L'ATELIER DU BIEN-ÊTRE
La rubrique bien-être
Les protéines végétales : une alternative à la viande
Pour une alimentation équilibrée, un apport en protéines est nécessaire. On trouve des protéines végétales de qualité dans les graines oléagineuses, les légumineuses, les céréales complètes, les produits simili-carnés (tofu et seitan), les légumes, les graines germées, les algues, les champignons...
Les graines oléagineuses. Consommées en petite quantité, les noix, noisettes et amandes fraîches représentent un complément alimentaire d’excellente qualité : valeur énergétique élevée sans trop de calories, graisses principalement insaturées, apports en protéines très supérieurs à ceux des autres fruits, richesse en fibres et minéraux. Les amandes se consomment fraîches ou séchées, grillées, effilées, pilées, en « lait » ou encore en pâte.

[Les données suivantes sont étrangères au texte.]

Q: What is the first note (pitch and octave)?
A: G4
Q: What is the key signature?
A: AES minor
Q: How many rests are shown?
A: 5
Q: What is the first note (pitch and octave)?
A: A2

Les légumineuses et céréales complètes pour jouer la carte de la complémentarité. La combinaison de deux aliments d’origine végétale tels qu’une céréale et une légumineuses permet d’obtenir les protéines et acides aminés essentiels. Les exemples d’association céréales/légumineuses ne manquent pas et offrent autant de perspectives culinaires intéressantes : riz + soja (Extrême Orient), riz + lentilles (Inde), boulgour + haricots blancs ou quinoa, maïs + haricots rouges (Amérique Latine), semoule de blé + pois chiches (bassin méditerranéen), sarrasin + haricots blancs ...
Le soja, source de protéines végétales : tofu et tempeh
Le tofu est l’une des sources de protéines végétales les plus connues. Ses utilisations en cuisine sont nombreuses.

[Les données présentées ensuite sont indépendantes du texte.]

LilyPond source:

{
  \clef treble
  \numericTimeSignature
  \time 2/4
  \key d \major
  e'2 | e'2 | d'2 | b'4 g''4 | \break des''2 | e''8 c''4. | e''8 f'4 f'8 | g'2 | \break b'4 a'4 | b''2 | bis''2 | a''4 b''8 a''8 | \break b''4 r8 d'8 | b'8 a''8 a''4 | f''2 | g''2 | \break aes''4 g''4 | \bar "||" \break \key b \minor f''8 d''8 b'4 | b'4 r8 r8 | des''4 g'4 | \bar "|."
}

Le tempeh est un aliment d’origine indonésienne. Il est préparé à partir des graines de soja trempées, cuites puis fermentées par un champignon. On le trouve généralement cru, sous forme de rouleau. Il doit toujours être consommé cuit.
Les légumes, les graines germées, les algues, les champignons…
Et n’oublions pas les protéines contenues dans les légumes avec un record pour les orties (9%), dans les graines germées, véritables concentré d’énergie vitale, dans les algues (laitue de mer, aramé, dulse, kombu, salicorne, nori, wakamé…), dans les champignons...
Des compléments alimentaires comme la levure de bière, les germes de blé ou la spiruline (algue) sont également un excellent moyen de compléter son apport en acides aminés essentiels.